Ru görmezden gelse de yerini doldurabilecek aday çok
RuPaul’un yerinin kolaylıkla doldurulabilecek olduğunu görmek beni ve bu yazıyı okuyan sizleri yazının başında usta-çırak ilişkileri hakkında sorduğum sorulara geri getiriyor. Bir sanatçının veya akademisyenin, başka mesleklerde ustalaşmışların kendi yerini doldurabilecek bir çırağı yetiştirmesi, bunun için ona bir platform vermesi ve çırağın ustanın seviyesine yükselmesi o akımın geleceği için yeterli midir? “Ben buraya tırnaklarımla kazıya kazıya geldim” diyerek kendinden sonra gelen sanatçılara engel olan veya özellikle akademide gördüğümüz “ben hocamın çantasını yıllarca taşıdım, sen de benimkini taşıyacaksın” diyerek asistanlarının gelişmesine izin vermeyen akademisyenler RuPaul’ün düşüşünden ders alabilir. Zira öncüler kimi konularda eskiden çığır açmış olsalar da, değişen dünyayı ve yeni fikirleri takip edemez, hata yaptıklarında özür dilemez hale geldiklerinde öncülük ettikleri akıma yarardan çok zarar verir oluyorlar. Son iki yıldır buna akademide de siyasette de sanatta da hem Türkiye’de hem de yurtdışında bazı isimler özelinde şahit oluyoruz ve bu hazin performansları biraz da üzülerek izliyoruz. Uzun yıllar saygıyla andığımız, izlediğimiz, okuduğumuz, dinlediğimiz isimler, çıraklarının onlara yönelttikleri eleştiriler karşısında cam gibi parçalanıyorlar ve dinlemek, sindirmek ve özür dilemek yerine etrafa saçılan kırık parçalarla birilerini yaralamaya girişiyorlar. Hikayenin en acıklı yanı da bu sürecin kazananı olabileceklerini düşünüyor olmalarındaki saflıkları. Ne zamanı ne de ruhunu iyi okuyamayanların geçmişte nasıl kar gibi eriyip gittiklerini gördük ve değişime direnen ustaların hiçbiri “kazanan” olamadılar.

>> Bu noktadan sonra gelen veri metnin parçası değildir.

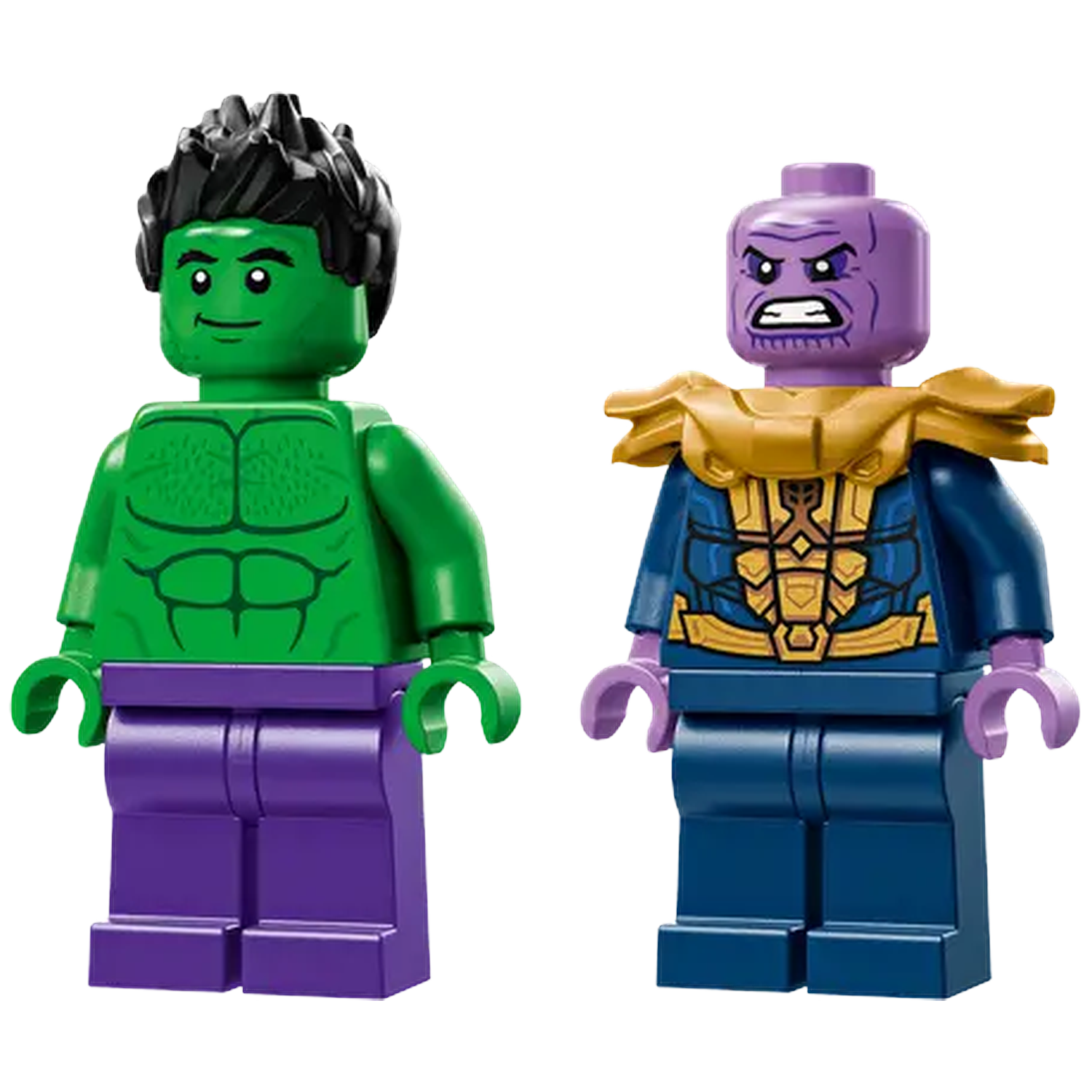 Two Lego figures: Hulk (green skin, black hair, purple pants) and Thanos (purple skin, angry face, blue outfit).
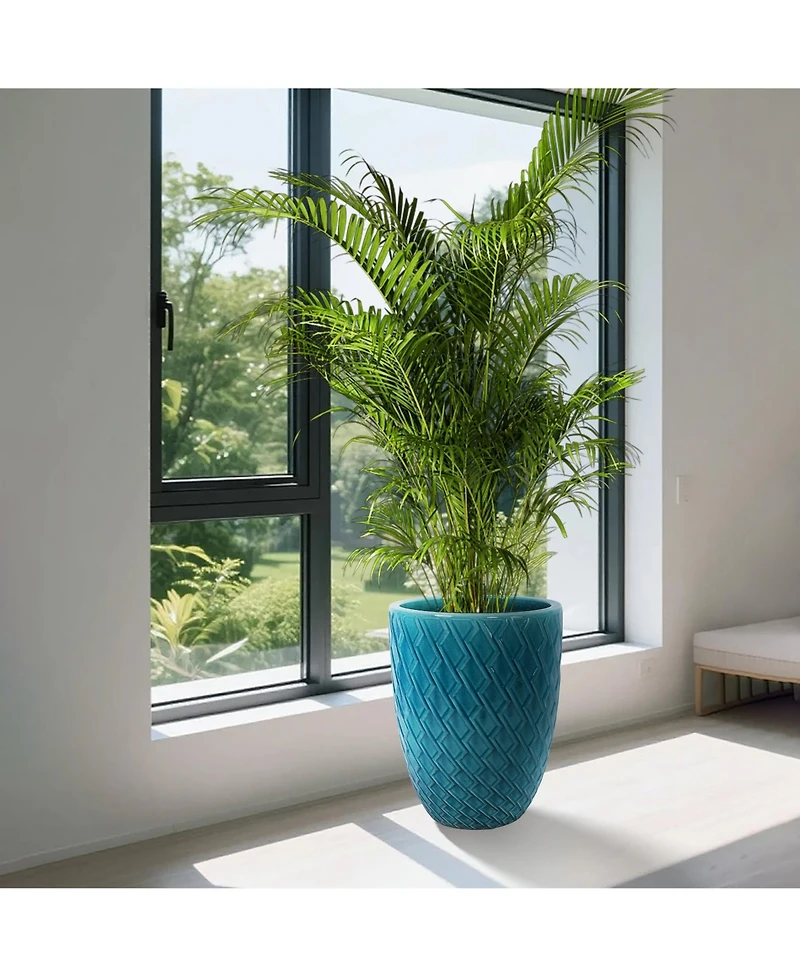 Large 17-Inch Handmade Ceramic Planter Pot,Breathable Teal Outdoor & Indoor Plant Pot for Fiddle Leaf Fig, Monstera, Trees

İşte bu durumda, RuPaul’un sosyal medyadan ve belki de drag ve TV dünyasından çekilmesi öncülük ettiği sanat ve yarattığı mirası için iyi olacak. Aynı şey pek çok sanat ve düşünce alanında kendini yenilememeyi seçenler için de geçerli. Gençliği, ve yeni fikirleri dinlemek bu kadar zor olmamalı. Ru’nun ünlü kapanış repliğini biraz değiştirip soralım: “yaptığın işteki yeniliği sevemezsen, kendi mirasını nasıl seveceksin?”